> [WHAT THE TASK REQUIRES]
The line containing "this 1204×1008 image." marks the start; extract exactly from it through the last line of the entries, and omit any pictures.

> [DATA SUPPLIED]
━━━━━━━━

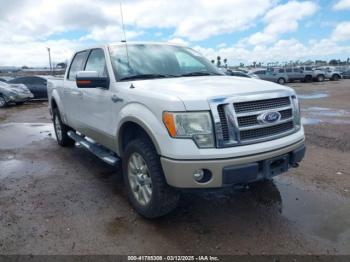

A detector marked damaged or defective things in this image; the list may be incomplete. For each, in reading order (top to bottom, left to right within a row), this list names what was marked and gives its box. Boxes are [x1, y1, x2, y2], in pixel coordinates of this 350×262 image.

damaged vehicle [0, 81, 33, 107]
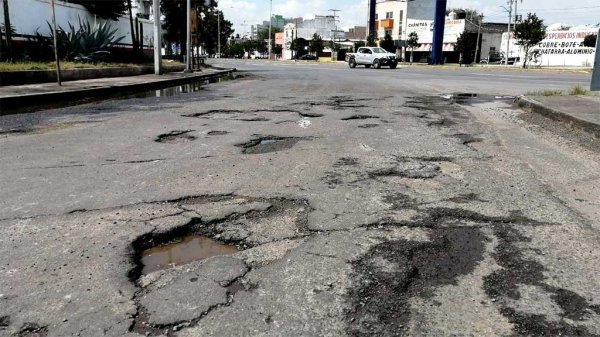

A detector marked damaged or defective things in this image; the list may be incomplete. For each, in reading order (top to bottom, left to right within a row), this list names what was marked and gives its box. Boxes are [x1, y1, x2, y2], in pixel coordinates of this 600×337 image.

deep pothole [234, 135, 308, 154]
pothole [237, 135, 308, 154]
water-filled pothole [237, 135, 308, 154]
water-filled pothole [141, 235, 239, 274]
pothole [141, 235, 241, 274]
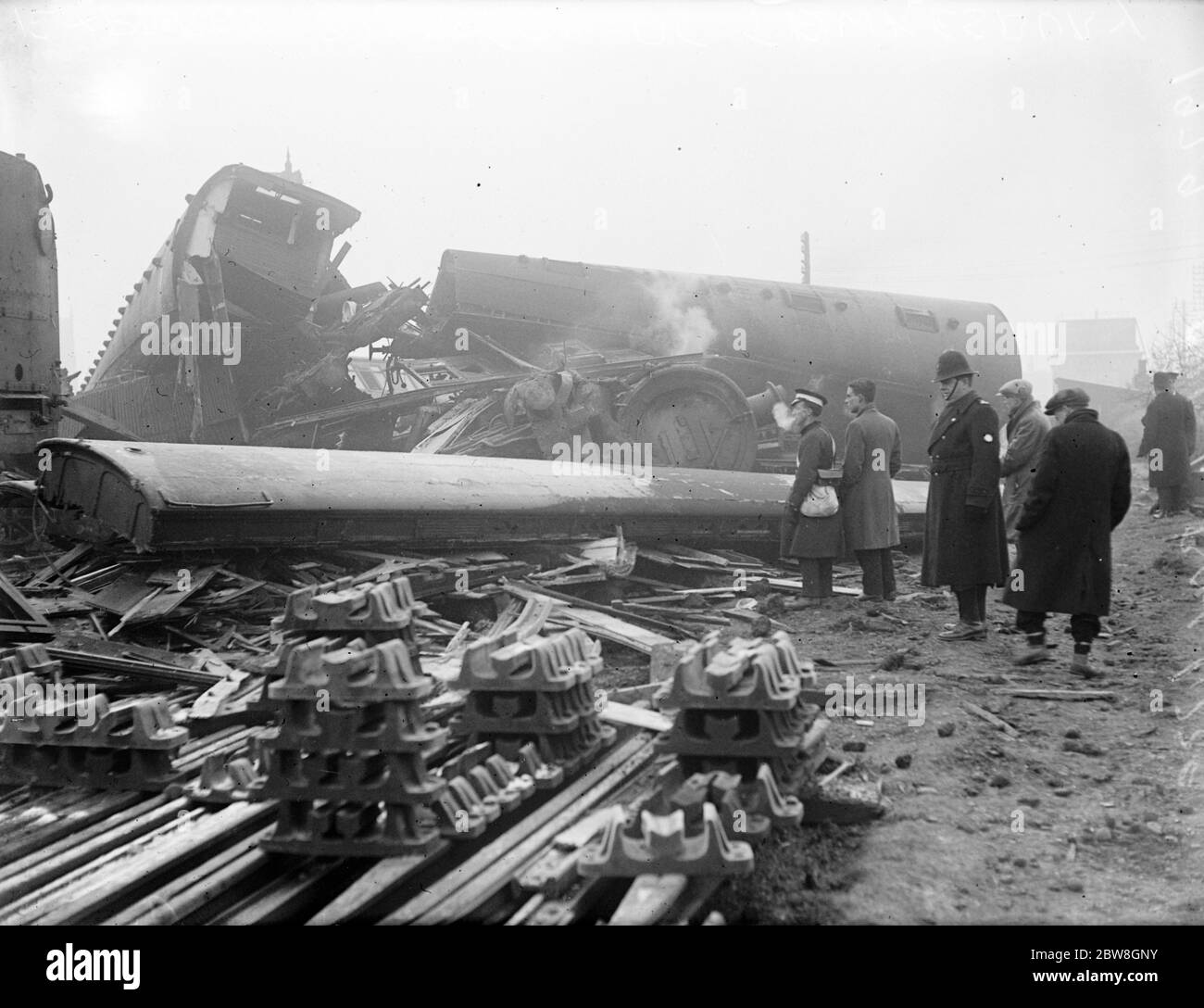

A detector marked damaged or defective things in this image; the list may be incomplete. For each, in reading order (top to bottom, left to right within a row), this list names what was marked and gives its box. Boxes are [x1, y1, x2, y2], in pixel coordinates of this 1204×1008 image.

wrecked railway carriage roof [40, 438, 885, 551]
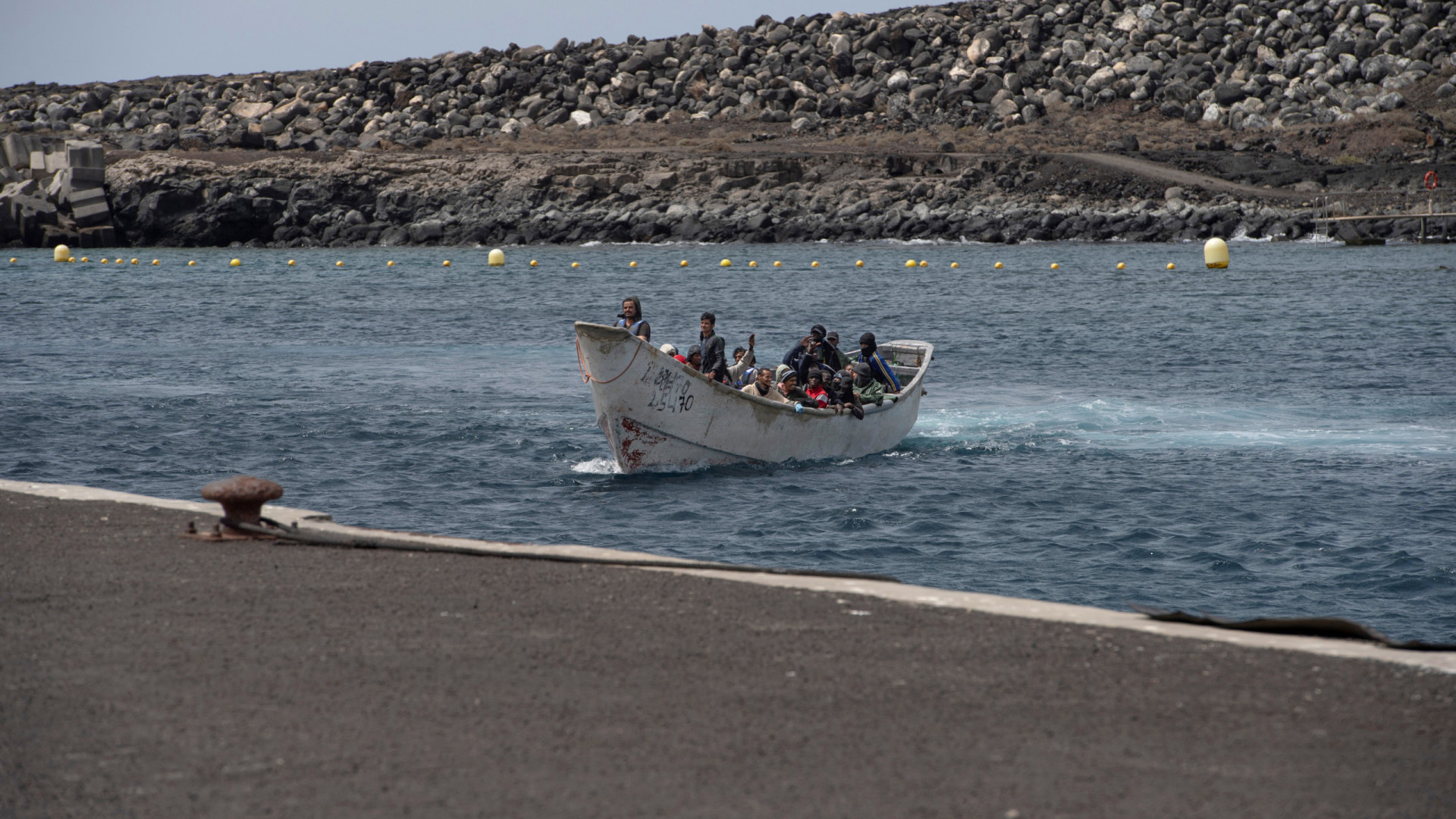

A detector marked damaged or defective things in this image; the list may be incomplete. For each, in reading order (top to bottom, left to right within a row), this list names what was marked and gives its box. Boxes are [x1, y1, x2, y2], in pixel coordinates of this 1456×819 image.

rusty mooring bollard [203, 476, 285, 528]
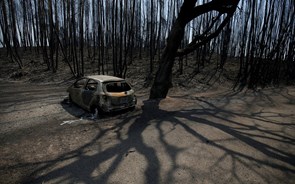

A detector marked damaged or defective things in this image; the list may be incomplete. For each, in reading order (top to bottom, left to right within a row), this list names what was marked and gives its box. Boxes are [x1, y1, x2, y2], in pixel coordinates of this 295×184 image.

charred car body [67, 75, 138, 112]
burned car wreck [67, 75, 138, 113]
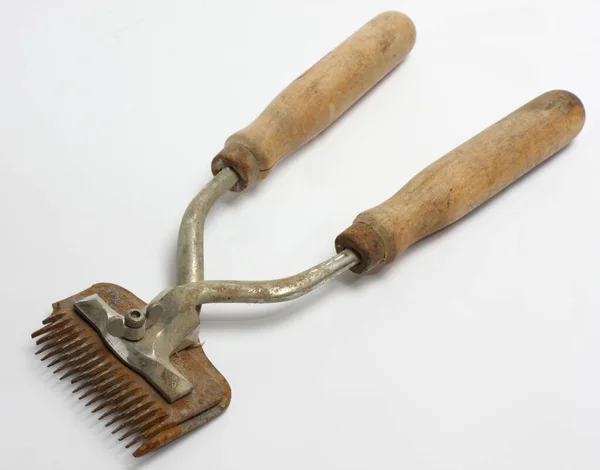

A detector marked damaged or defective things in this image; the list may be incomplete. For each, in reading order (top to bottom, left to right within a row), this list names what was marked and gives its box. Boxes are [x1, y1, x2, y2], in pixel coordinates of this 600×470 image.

━━━━━━━━

> [TASK RESULT]
A detector marked damaged or defective things in this image; the list may be incomplete. For each, in reading order (top to bottom, left to right within a row), this list names what was marked and gives its box. Boxes are [x1, y1, x2, y2], in pixel coordinates of this 1204×1008 image.

wrecked railway carriage roof [40, 438, 885, 551]

A detector marked damaged or defective things in this image; the list may be incomplete. For each, in reading order (top to bottom, left to right within a row), this list names what was marked and gives its box. Boxes are [x1, y1, x2, y2], in pixel coordinates of this 1456×819 image.

rusty mooring bollard [203, 476, 285, 528]

A detector marked damaged or defective things in this image; the list may be incomplete. For each, in reading order (top to bottom, left to right within a row), this list names what was marked and gives its box. Boxes are [x1, y1, x2, y2], in pixel coordinates of this 295×184 image.

charred car body [67, 75, 138, 112]
burned car wreck [67, 75, 138, 113]

A detector marked damaged or defective things in this image; the list may be incomplete. For each, in reading order (top to bottom, left to right within a row), this list names what was marked and gives its box. Boxes are [x1, y1, x2, y2], in pixel coordinates of this 600×470 image.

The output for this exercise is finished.